Social venture fund Lok Capital and one of its limited partners have recently invested approximately $5 million in IFMR Rural Channels, an organisation that invests in companies that can have an impact on financial services access. The investment will enable IFMR Rural Channels to build Kshetriya Gramin Financial Services (KGFS), which offers savings, remittance, insurance, and small loans and investments in remote rural locations. The Economic Times article points out that this indicates an increase in social venture capital in the sector after a limited number of deals in 2011.
BANGALORE: Mumbai-based Lok Capital and one of its limited partners have together invested $5 million ( 26 crore) in IFMR Rural Channels for an undisclosed stake, underscoring the return of impact investing by venture capital firms after a lean 2011.

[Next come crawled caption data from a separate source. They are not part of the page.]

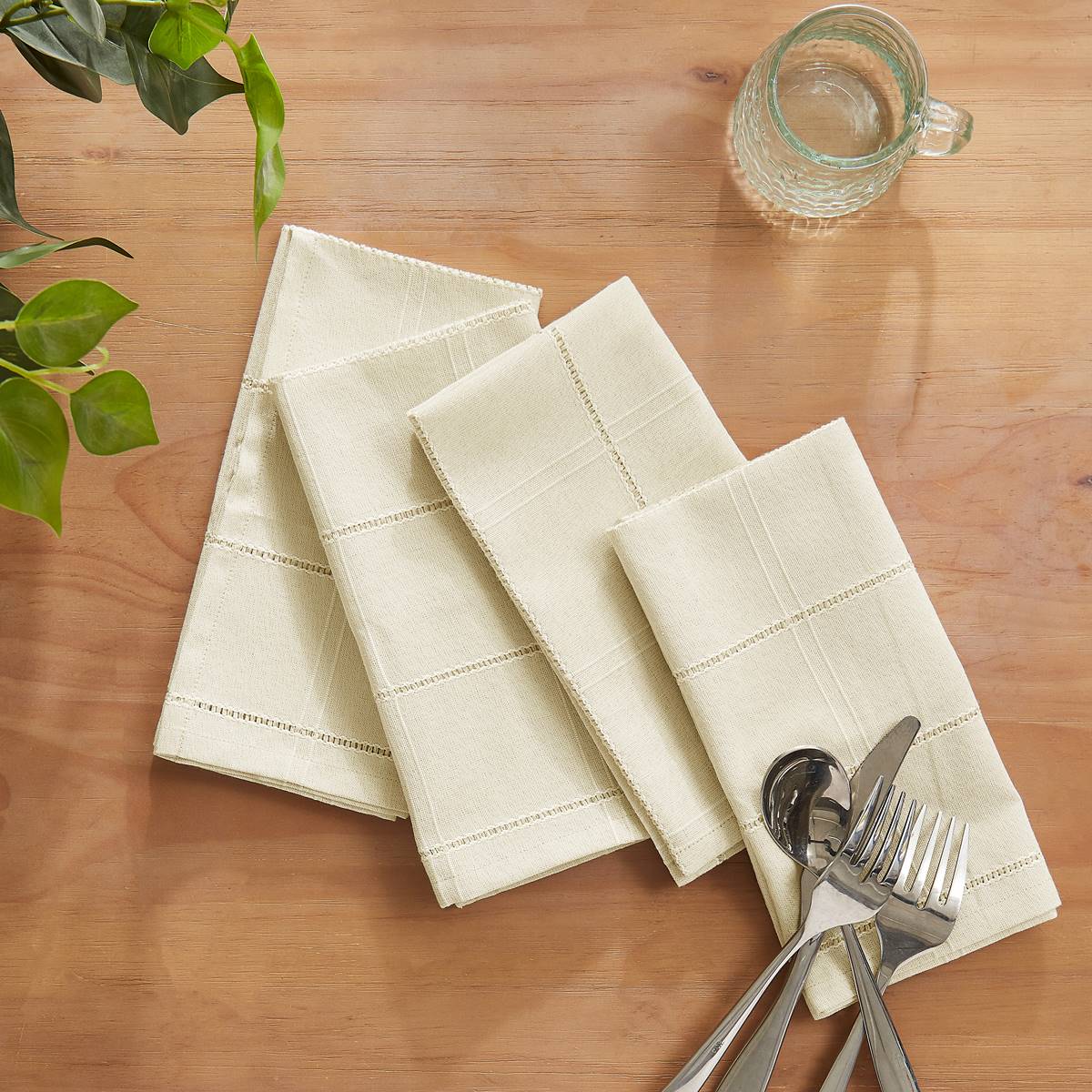 IZOD(R) Chadwick Lurex Napkins - Set Of 4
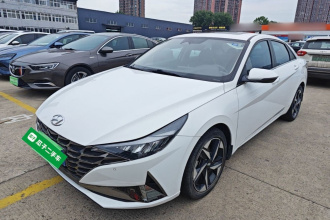 现代 伊兰特 2022款 1.5L CVT LUX尊贵版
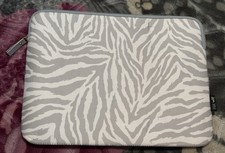 Custodia protettiva per laptop WINX 15” x 11” stampa zebrata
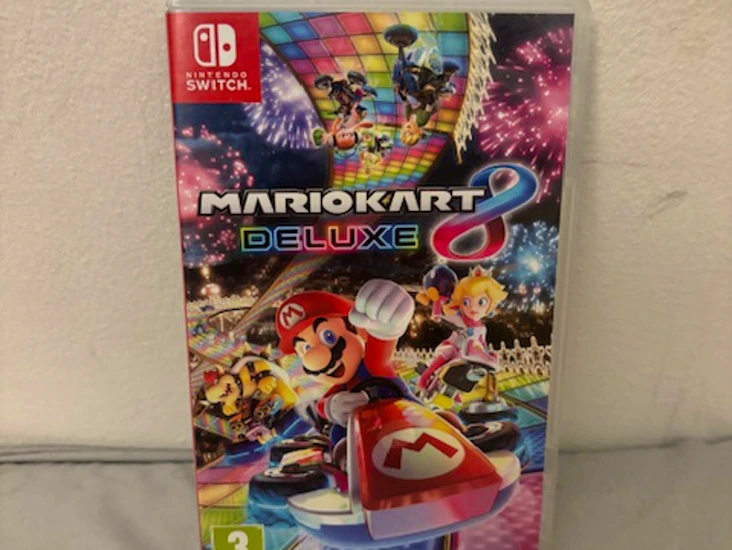 Mario kart 8 deluxe switch game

Lok Capital’s series A investment in IFMR Rural Channels, which will be paid out in a single tranche, will be used for building Kshetriya Gramin Financial Services which offers financial services in remote rural locations.
The KGFS portfolio includes savings, remittance, insurance, small-ticket loans and investments using a wealth management approach for low-income consumers. At present there are about five KGFS centres serving 10 districts across Tamil Nadu, Orissa and Uttarakhand.
The latest investment by Lok Capital is the third such from its second fund. Last year, in September it had invested $3 million in rural business process outsourcing firm Rural Shores, and also participated in urban microfinance venture, Ujjivan’s fifth round of equity financing.
The development also draws attention to the fund of funds investment strategy being increasingly utilised by risk capital in India, as they look to diversify their portfolio and significantly raise their assets under management. Earlier in the month, early-stage investment fund Kae Capital raised $25 million from a number of marquee venture capital firms which includes impact investment firm Omidyar Network.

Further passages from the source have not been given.